**TASK GOAL**
What is needed here is an exact reprint of every record below.

[[ RECORD EXCERPTS, beginning ]]

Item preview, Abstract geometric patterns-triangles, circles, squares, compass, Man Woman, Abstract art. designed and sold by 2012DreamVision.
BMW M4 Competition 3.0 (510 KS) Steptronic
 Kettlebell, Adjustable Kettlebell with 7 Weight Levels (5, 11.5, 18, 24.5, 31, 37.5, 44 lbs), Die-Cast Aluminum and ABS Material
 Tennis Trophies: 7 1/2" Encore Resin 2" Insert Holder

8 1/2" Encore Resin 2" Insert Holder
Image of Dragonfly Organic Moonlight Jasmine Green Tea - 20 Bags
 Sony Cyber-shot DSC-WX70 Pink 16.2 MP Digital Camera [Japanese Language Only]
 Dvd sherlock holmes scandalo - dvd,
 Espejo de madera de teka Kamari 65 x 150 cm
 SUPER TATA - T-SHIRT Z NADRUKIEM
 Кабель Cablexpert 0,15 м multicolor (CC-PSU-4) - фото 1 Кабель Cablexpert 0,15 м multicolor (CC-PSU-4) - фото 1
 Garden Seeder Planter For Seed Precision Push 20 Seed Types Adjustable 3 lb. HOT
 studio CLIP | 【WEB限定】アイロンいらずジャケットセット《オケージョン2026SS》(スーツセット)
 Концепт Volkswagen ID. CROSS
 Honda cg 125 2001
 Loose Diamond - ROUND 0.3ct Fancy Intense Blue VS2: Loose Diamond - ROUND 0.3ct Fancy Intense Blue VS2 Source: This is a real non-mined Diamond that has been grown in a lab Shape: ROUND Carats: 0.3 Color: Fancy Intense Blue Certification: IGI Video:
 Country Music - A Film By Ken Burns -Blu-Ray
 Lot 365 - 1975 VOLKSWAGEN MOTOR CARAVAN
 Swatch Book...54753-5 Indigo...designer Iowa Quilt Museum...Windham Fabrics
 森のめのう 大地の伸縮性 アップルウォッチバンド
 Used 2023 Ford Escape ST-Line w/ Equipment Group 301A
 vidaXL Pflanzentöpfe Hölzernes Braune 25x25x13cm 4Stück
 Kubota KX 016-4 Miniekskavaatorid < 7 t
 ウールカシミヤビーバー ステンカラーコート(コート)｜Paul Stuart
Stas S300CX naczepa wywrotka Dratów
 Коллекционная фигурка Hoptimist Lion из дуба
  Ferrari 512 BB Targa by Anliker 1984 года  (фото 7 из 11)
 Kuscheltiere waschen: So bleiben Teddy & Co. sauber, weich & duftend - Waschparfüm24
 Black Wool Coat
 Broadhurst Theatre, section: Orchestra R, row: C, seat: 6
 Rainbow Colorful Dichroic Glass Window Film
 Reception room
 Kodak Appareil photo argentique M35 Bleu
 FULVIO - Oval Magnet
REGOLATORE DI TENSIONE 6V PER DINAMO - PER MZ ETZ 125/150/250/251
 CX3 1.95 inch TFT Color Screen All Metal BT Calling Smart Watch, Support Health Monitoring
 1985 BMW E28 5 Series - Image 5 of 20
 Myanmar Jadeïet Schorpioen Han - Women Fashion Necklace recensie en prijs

[[ RECORD EXCERPTS, end ]]

**ANSWER**
Item preview, Abstract geometric patterns-triangles, circles, squares, compass, Man Woman, Abstract art. designed and sold by 2012DreamVision.
BMW M4 Competition 3.0 (510 KS) Steptronic
 Kettlebell, Adjustable Kettlebell with 7 Weight Levels (5, 11.5, 18, 24.5, 31, 37.5, 44 lbs), Die-Cast Aluminum and ABS Material
 Tennis Trophies: 7 1/2" Encore Resin 2" Insert Holder

8 1/2" Encore Resin 2" Insert Holder
Image of Dragonfly Organic Moonlight Jasmine Green Tea - 20 Bags
 Sony Cyber-shot DSC-WX70 Pink 16.2 MP Digital Camera [Japanese Language Only]
 Dvd sherlock holmes scandalo - dvd,
 Espejo de madera de teka Kamari 65 x 150 cm
 SUPER TATA - T-SHIRT Z NADRUKIEM
 Кабель Cablexpert 0,15 м multicolor (CC-PSU-4) - фото 1 Кабель Cablexpert 0,15 м multicolor (CC-PSU-4) - фото 1
 Garden Seeder Planter For Seed Precision Push 20 Seed Types Adjustable 3 lb. HOT
 studio CLIP | 【WEB限定】アイロンいらずジャケットセット《オケージョン2026SS》(スーツセット)
 Концепт Volkswagen ID. CROSS
 Honda cg 125 2001
 Loose Diamond - ROUND 0.3ct Fancy Intense Blue VS2: Loose Diamond - ROUND 0.3ct Fancy Intense Blue VS2 Source: This is a real non-mined Diamond that has been grown in a lab Shape: ROUND Carats: 0.3 Color: Fancy Intense Blue Certification: IGI Video:
 Country Music - A Film By Ken Burns -Blu-Ray
 Lot 365 - 1975 VOLKSWAGEN MOTOR CARAVAN
 Swatch Book...54753-5 Indigo...designer Iowa Quilt Museum...Windham Fabrics
 森のめのう 大地の伸縮性 アップルウォッチバンド
 Used 2023 Ford Escape ST-Line w/ Equipment Group 301A
 vidaXL Pflanzentöpfe Hölzernes Braune 25x25x13cm 4Stück
 Kubota KX 016-4 Miniekskavaatorid < 7 t
 ウールカシミヤビーバー ステンカラーコート(コート)｜Paul Stuart
Stas S300CX naczepa wywrotka Dratów
 Коллекционная фигурка Hoptimist Lion из дуба
  Ferrari 512 BB Targa by Anliker 1984 года  (фото 7 из 11)
 Kuscheltiere waschen: So bleiben Teddy & Co. sauber, weich & duftend - Waschparfüm24
 Black Wool Coat
 Broadhurst Theatre, section: Orchestra R, row: C, seat: 6
 Rainbow Colorful Dichroic Glass Window Film
 Reception room
 Kodak Appareil photo argentique M35 Bleu
 FULVIO - Oval Magnet
REGOLATORE DI TENSIONE 6V PER DINAMO - PER MZ ETZ 125/150/250/251
 CX3 1.95 inch TFT Color Screen All Metal BT Calling Smart Watch, Support Health Monitoring
 1985 BMW E28 5 Series - Image 5 of 20
 Myanmar Jadeïet Schorpioen Han - Women Fashion Necklace recensie en prijs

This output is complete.